Task requirements:
The line containing "Goedkoopste Nyx Professional" and each line after it, through the final line of the data, are to be retyped exactly, with pictures left out.

Material provided:
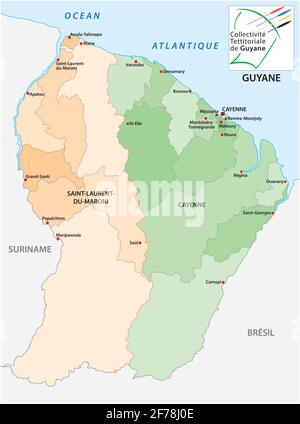 Administrative vector map of the South American state of French Guiana Stock Vector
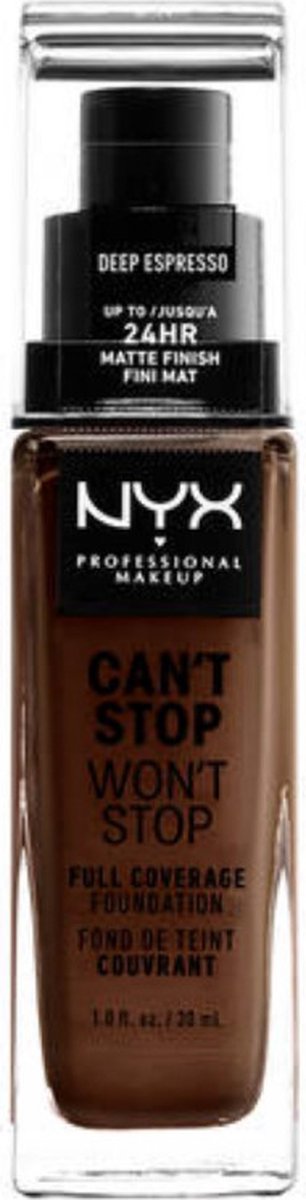 Goedkoopste Nyx Professional Makeup Can't Stop Won't Stop Foundation - Deep Espresso - Volledig Dekkende Foundation - Zeer Donker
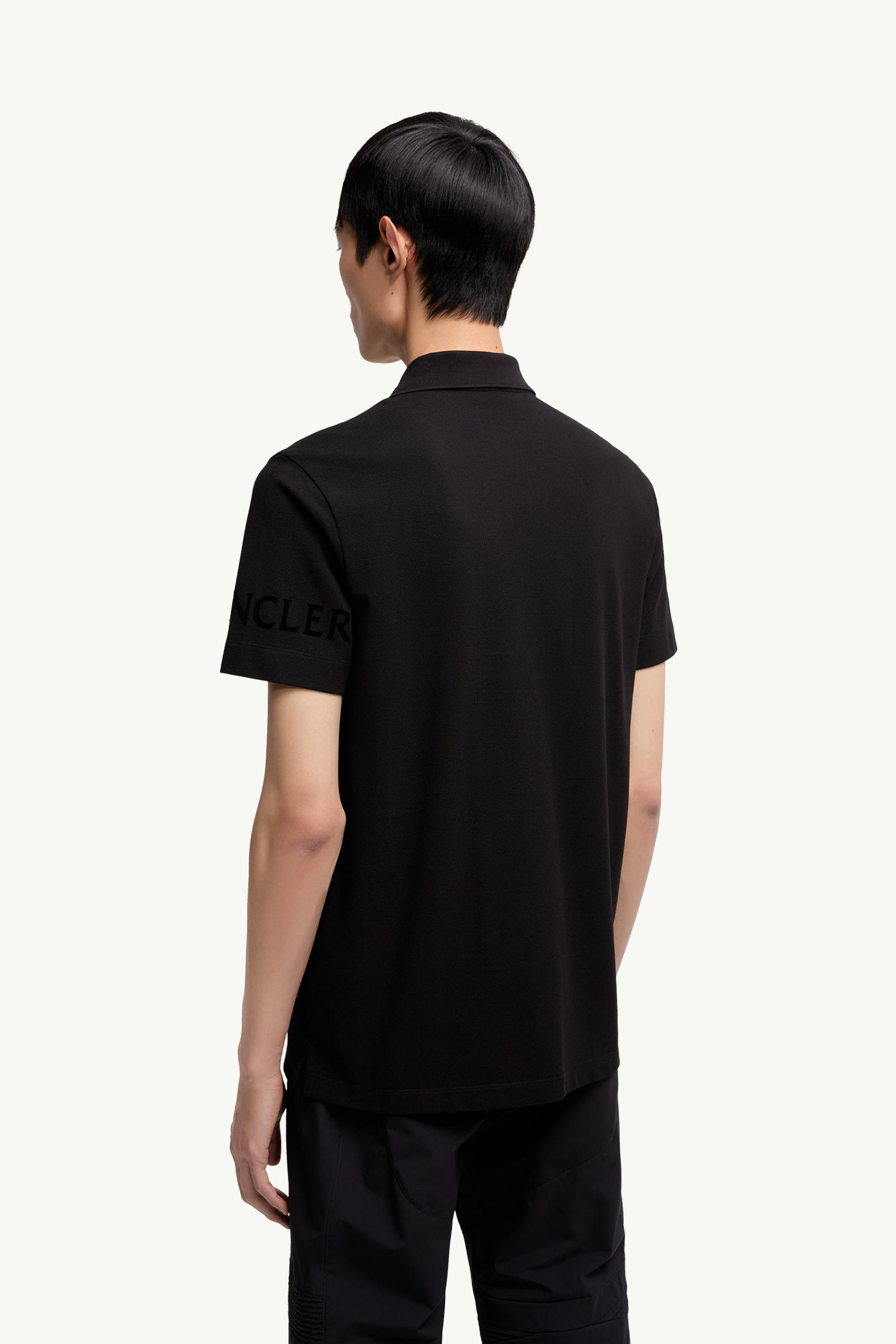 Logo Cotton Piquet Polo Shirt Men Black Moncler 4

Response:
 Goedkoopste Nyx Professional Makeup Can't Stop Won't Stop Foundation - Deep Espresso - Volledig Dekkende Foundation - Zeer Donker
 Logo Cotton Piquet Polo Shirt Men Black Moncler 4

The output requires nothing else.